During testing, we measured each rod on five metrics: Balance/Feel, Features, Portability, Construction, and Versatility. We lay out each below and highlight some top performers in each area.

Value

As the old adage goes: When you buy cheap, you buy twice. Case in point here is the KastKing Blackhawk II Telescopic. Its glass tip broke after a few uses, and we had to order another one. We didn’t have any problems with the second rod, so we’ll chalk it up to getting a lemon. Overall, we ended up really enjoying this rod for its versatility, portability, and exceptional balance. The real stand-out for its great price-to-performance ratio is the PLUSINNO Two-Piece Spinning Rod, which is ultra-affordable and surprised us with its great functionality on the water. The Daiwa Megaforce Tele Spin is a bit pricier, but overall, it’s a well-constructed, highly portable rod with great casting capabilities that is a good value we think most fishermen would be happy with.

Balance & Feel

A rod’s balance is a crucial component to consider. It not only helps with casting, but it also makes fishing a whole lot more comfortable. If the balance is off, the weight of the rod will be shifted to the rod tip or handle, and you’ll notice it. Feel is also an important metric here. Feel comes down to the sensitivity of the rod. If a rod has a great feel, you can sense the smallest bites and the action of a lure in the water.
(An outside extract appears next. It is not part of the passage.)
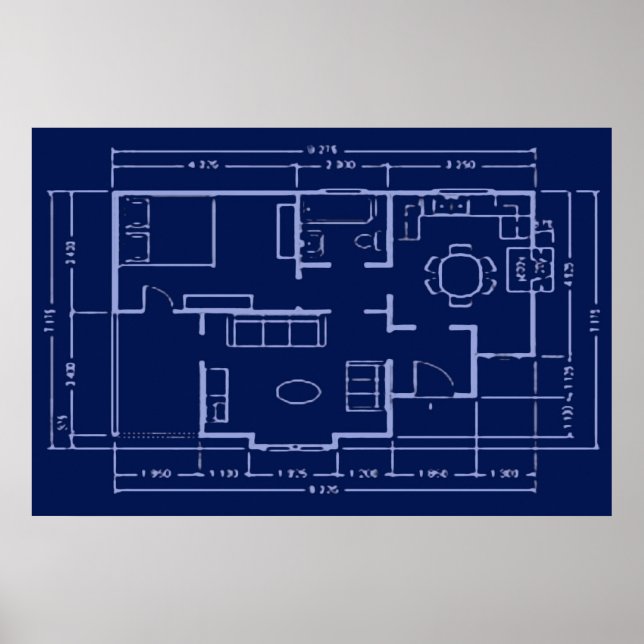 blueprint - house plan poster (Front)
While telescoping rods don’t traditionally provide great balance and feel, the Daiwa Megaforce Telescopic was an exception. It was extremely comfortable to fish with and let us sense every little movement in the water.

As far as the most well-balanced and sensitive rod goes, the St. Croix Triumph Travel and the Ugly Stik Elite were neck and neck. While the St. Croix Triumph Travel is the most balanced and sensitive fishing rod we tested, letting you feel everything that was happening underwater, the Ugly Stik was right there with it. It helped us feel the tiniest nibbles and set the hook like a pro.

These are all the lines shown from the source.